DESCRIPTION OF THE TASK:
Pick up at the line with "Photo - 27 NE 49th St". Write it out exactly, along with each later line through the end of the data, and nothing more.

INPUT FOR THIS TASK:
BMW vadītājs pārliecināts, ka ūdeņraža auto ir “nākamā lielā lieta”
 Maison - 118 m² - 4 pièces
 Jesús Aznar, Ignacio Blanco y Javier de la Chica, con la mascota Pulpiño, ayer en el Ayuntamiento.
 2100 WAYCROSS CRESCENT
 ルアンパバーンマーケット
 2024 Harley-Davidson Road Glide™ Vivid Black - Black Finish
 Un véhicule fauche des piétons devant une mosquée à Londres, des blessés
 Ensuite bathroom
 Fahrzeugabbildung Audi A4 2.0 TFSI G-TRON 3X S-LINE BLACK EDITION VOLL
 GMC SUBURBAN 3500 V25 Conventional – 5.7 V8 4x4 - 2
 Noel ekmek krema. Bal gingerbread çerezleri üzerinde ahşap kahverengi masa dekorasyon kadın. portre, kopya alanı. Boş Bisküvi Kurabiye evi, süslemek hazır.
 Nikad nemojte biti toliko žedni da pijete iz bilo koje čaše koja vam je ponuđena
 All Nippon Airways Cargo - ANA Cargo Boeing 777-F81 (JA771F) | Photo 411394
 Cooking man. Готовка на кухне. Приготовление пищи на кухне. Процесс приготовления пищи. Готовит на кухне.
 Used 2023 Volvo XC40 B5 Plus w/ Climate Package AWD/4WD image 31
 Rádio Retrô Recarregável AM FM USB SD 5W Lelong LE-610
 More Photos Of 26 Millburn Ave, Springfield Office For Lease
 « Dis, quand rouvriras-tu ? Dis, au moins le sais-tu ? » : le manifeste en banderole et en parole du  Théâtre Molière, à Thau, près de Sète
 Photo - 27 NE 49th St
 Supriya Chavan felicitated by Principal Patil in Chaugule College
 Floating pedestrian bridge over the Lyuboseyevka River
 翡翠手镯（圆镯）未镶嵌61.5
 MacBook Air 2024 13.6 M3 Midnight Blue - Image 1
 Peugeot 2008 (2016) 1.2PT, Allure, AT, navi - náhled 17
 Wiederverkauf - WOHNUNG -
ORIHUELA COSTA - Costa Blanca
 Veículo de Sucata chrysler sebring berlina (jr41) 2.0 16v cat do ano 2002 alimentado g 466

PROBLEM SOLUTION:
 Photo - 27 NE 49th St
 Supriya Chavan felicitated by Principal Patil in Chaugule College
 Floating pedestrian bridge over the Lyuboseyevka River
 翡翠手镯（圆镯）未镶嵌61.5
 MacBook Air 2024 13.6 M3 Midnight Blue - Image 1
 Peugeot 2008 (2016) 1.2PT, Allure, AT, navi - náhled 17
 Wiederverkauf - WOHNUNG -
ORIHUELA COSTA - Costa Blanca
 Veículo de Sucata chrysler sebring berlina (jr41) 2.0 16v cat do ano 2002 alimentado g 466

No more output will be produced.